Speaker
Description
Patterns emerge in spatially extended systems at all scales, from astronomical to micrometer. The appearance of galaxies in a spiral, elliptical, or irregular form, the patterns formed by a starving colony of slime molds, wind-swept sand patterns in rivers and deserts, patterns in zebra and snow leopards are a few examples. The hexagonal pattern in Rayleigh-Benard experiment and spiral wave in Belousov-Zhabotinsky chemical reaction are such examples in laboratory experiments. These patterns can be simple or complex, static and dynamic i.e., patterns vary both in space and time, called spatiotemporal patterns. In general, the dynamics of the spatiotemporal patterns attributed to the local instabilities that emerge around their equilibrium point or fixed points when driven out of equilibrium also depends on the nature of the driving field. Then, a natural question arises: do the local instabilities keep all the information about the nature of the spatio-temporal patterns? In other words, can seemingly equivalent linear instability give rise to various spatiotemporal patterns?

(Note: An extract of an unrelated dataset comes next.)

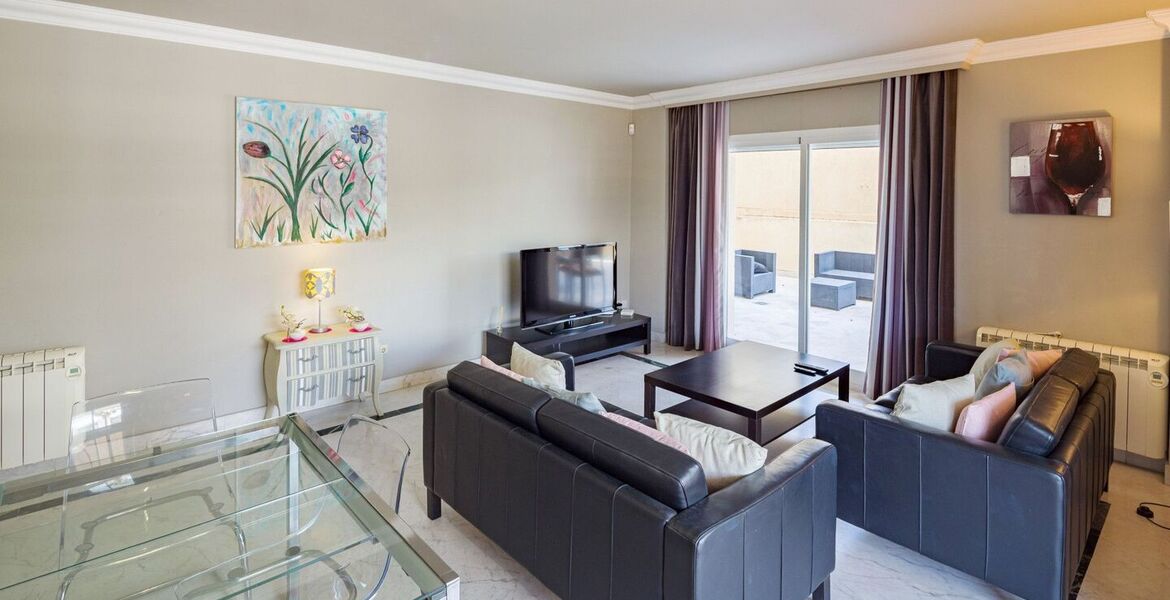 Apartment for rent in Puerto Banus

To address the question, we consider the spatially extended Ananthakrishna's (AK) model, a dynamical model developed to understand the plastic instability of crystalline materials system. The AK model captures all the generic spatiotemporal patterns that appear in a dynamic experiment as a function of the control parameter. The model has a broad instability spectrum associated with the control parameter. We observed that seemingly identical local linear instability with distinctly different control parameters gives rise to distinct spatiotemporal patterns. To understand the origin of the changing nature of the spatio-temporal pattern as a function of the control parameter, we evaluate the Lyapunov spectrum that calculates the time scales associated with each degree of freedom. Our study reveals that the nature of spatiotemporal patterns depends on the separation of participating time scales. While a large difference in the average value of participating time scales gives rise to static and randomized spatiotemporal patterns, uniformly distributed competing time scales give rise to continuous patterns. This information is not apparent in the local instability and is therefore not adequate to explain various dynamic spatiotemporal patterns in extended systems.